Hello,
While parsing the logs, I'm trying to extract fields, but at some point, I receive the following message "The extraction failed. If you are extracting multiple fields, try removing one or more fields. Start with extractions that are embedded within longer text strings." Even when I try to highlight the fields that it fails to extract, I get the same message.
Could this issue be related to the configuration file "limits.conf"
No, limits.conf has noting to do with the fact that the "graphical" extractor can guess your settings in only relatively basic cases (and can do it well in even rarer ones). If your events are properly formated xml entities, you should rather use KV_MODE=xml in your sourcetype settings.

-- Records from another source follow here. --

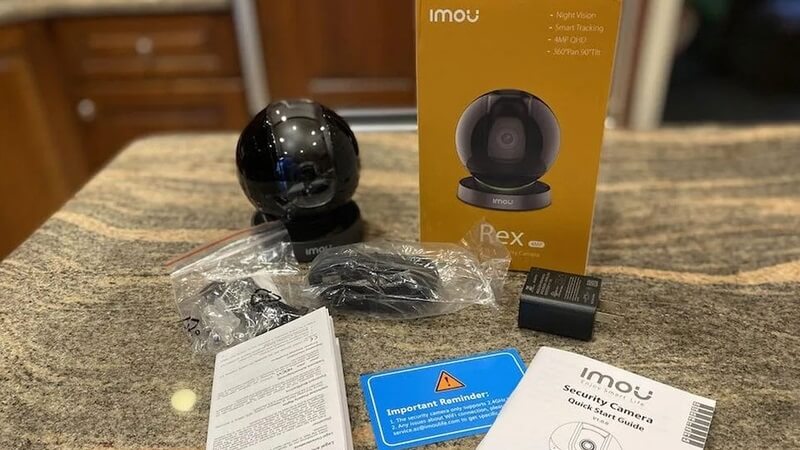 Chuẩn bị đầy đủ các thiết bị trước khi lắp đặt camera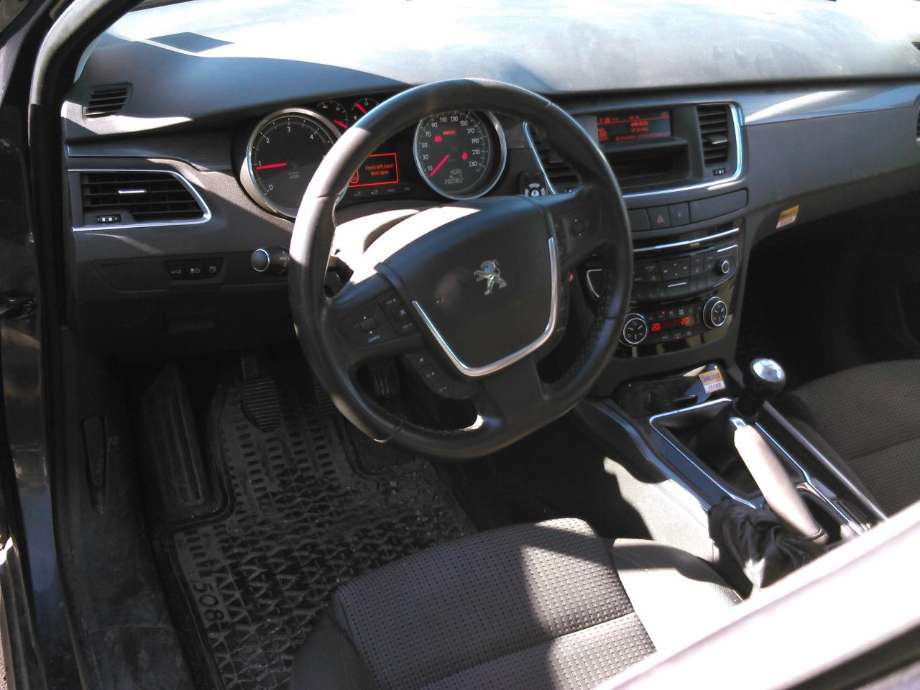 Peugeot 508 2011-2014 (Type I, Fase 1) delebil , Motorkode: 9H05, Girkassekode: 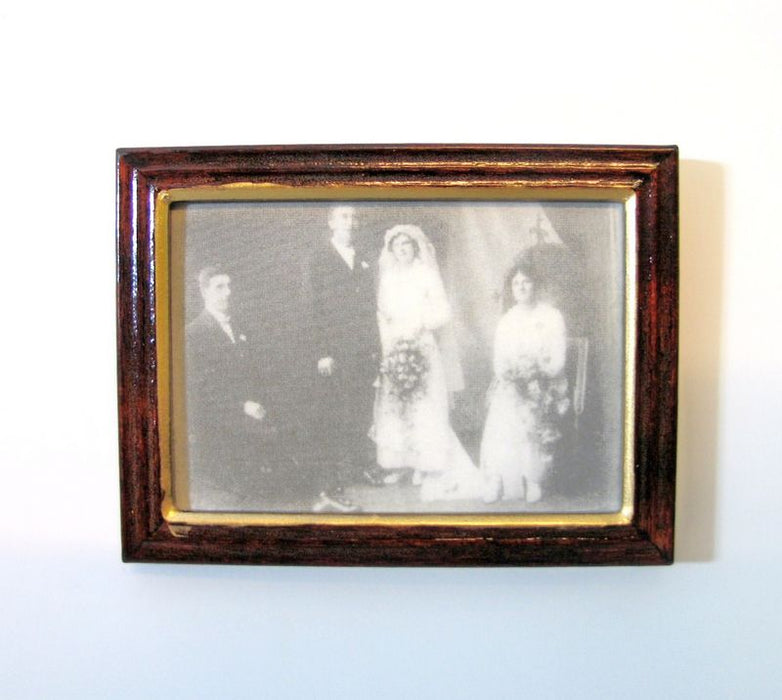 Photo frame, Wedding photo, 5 x 6.3 cm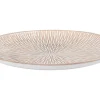 Deko-Tablett Desert Flower Ø 39,5 cm Natur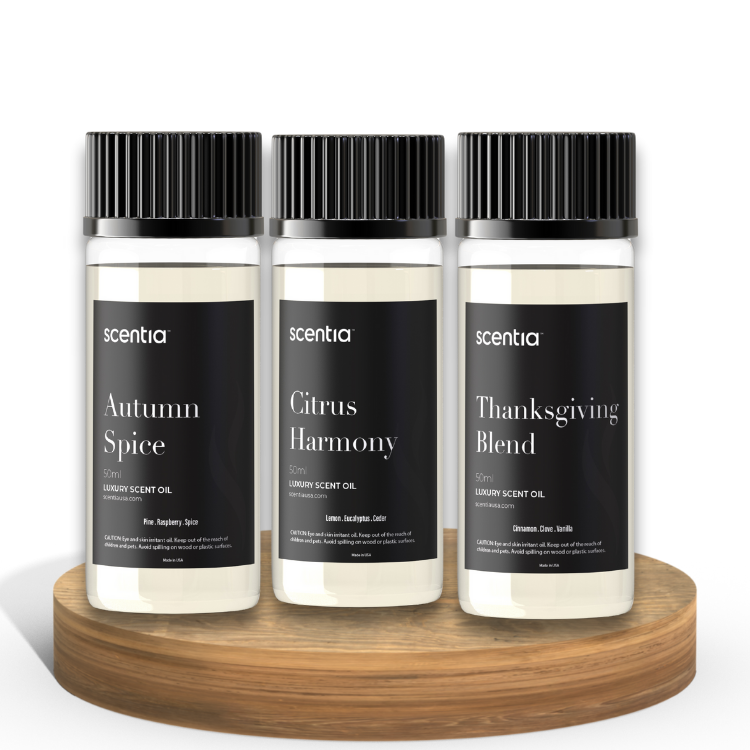 Fall Collection Scent Oil Discovery Kit 3X50ml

@PickleRickcould you share some documentation on this ? Or is it enough to add this in the sourcetypes configuration in the inputs configuration file, if I'm not mistaken ?
No. Inputs is one thing. Props for sourcetype is another. Where to put it depends on your installation architecture. I strongly suspect you have an all-in-one installation so unless you're using a HF to ingest this data it should be enough to add a KV_MODE parameter with a value of xml to your sourcetype definition.
@PickleRickno, the installation architecture is a distributed, non-clustered deployment, and I do not use a HF.
Then KV_MODE must be defined on the search-head.
We need more information.
How exactly are you trying to extract the fields? Have you tried any other ways to extract them?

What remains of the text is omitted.